Je n'ai pas de connaissances suffisamment précises de la Chine pour juger si elle va réussir à contenir son moment Minsky, l’instant auquel tout le monde prend soudainement conscience que la dette insoutenable s’avère effectivement insoutenable. En fait, je ne suis pas sûr que quelqu’un (même parmi les responsables chinois) sache répondre à cette question.

Mais je pense que nous pouvons répondre à une question plus conditionnelle : si la Chine avait une crise semblable à celle de 2008, celle-ci se répercuterait-elle violemment au reste du monde, en particulier aux Etats-Unis ? Et la réponse est clairement négative.

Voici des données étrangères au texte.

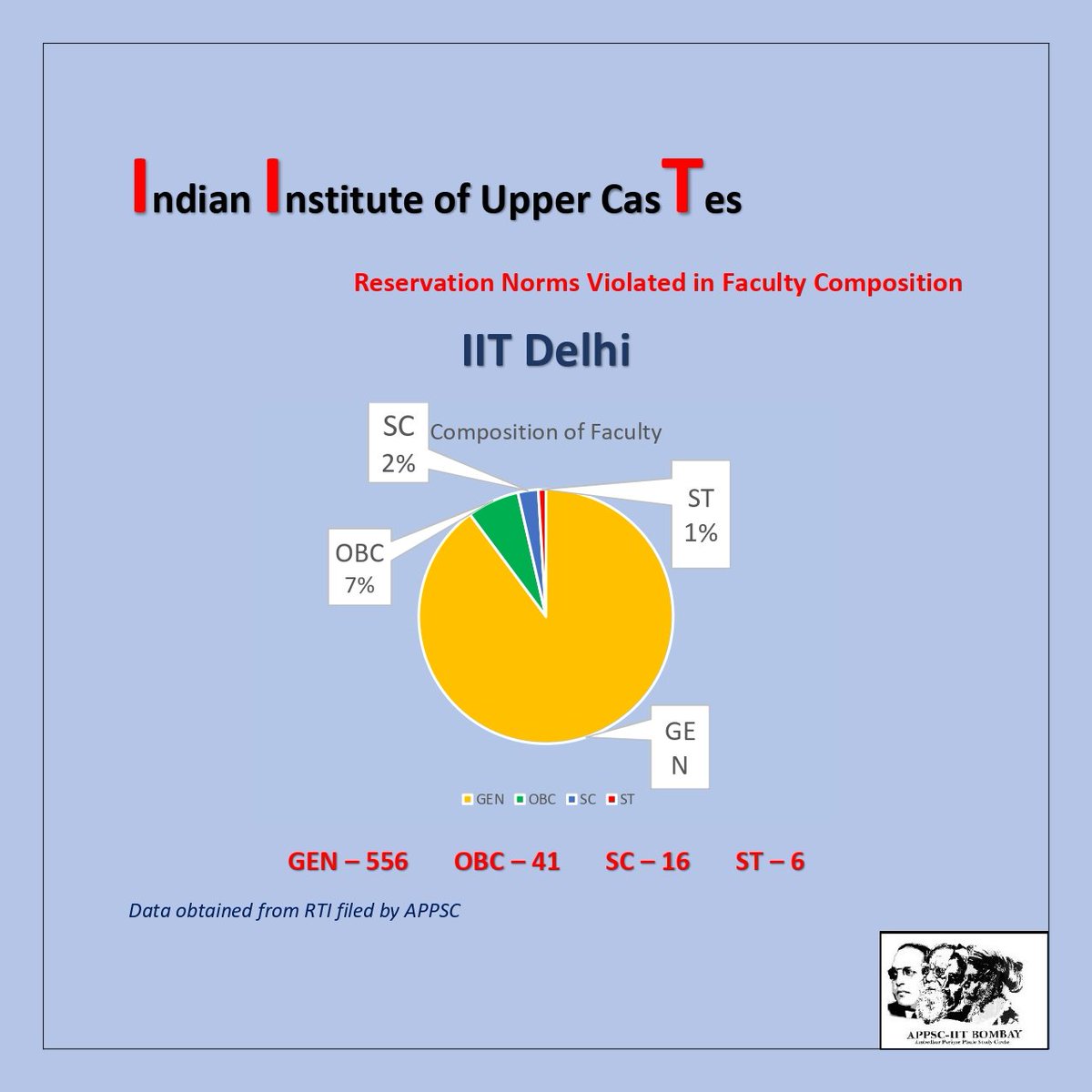 AppscIITb's tweet photo. How many more Aniket, Darshan, Ayush and Anil?? Why are IITs becoming graveyards for students from marginalized communities. Both @iitbombay and @iitdelhi have SC ST cells, yet both fail to implement reservation or protect the students. #InstitutionalMurders @EduMinOfIndia https://t.co/kx6wBaInX0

Aussi grosse que l’économie chinoise, l’économie américaine a peu d’exposition financière ou commerciale aux problèmes de la Chine.

Avant d’arriver à cette conclusion, parlons des raisons pour lesquelles la Chine en 2023 ressemble aux économies de l’Atlantique Nord (c’est-à-dire la fois les Etats-Unis et l’Europe) en 2008.

La crise de 2008 a été provoquée par l’éclatement d’une ample bulle immobilière des deux côtés de l’Atlantique. Les effets de l’éclatement de la bulle ont été amplifiés par des perturbations financières, en particulier l’effondrement du système bancaire parallèle (shadow banks), des institutions qui agissent comme les banques, qui subissent le risque de connaître l’équivalent de ruées bancaires, mais qui n’étaient pas régulées et qui manquaient du filet de sécurité fourni aux banques conventionnelles.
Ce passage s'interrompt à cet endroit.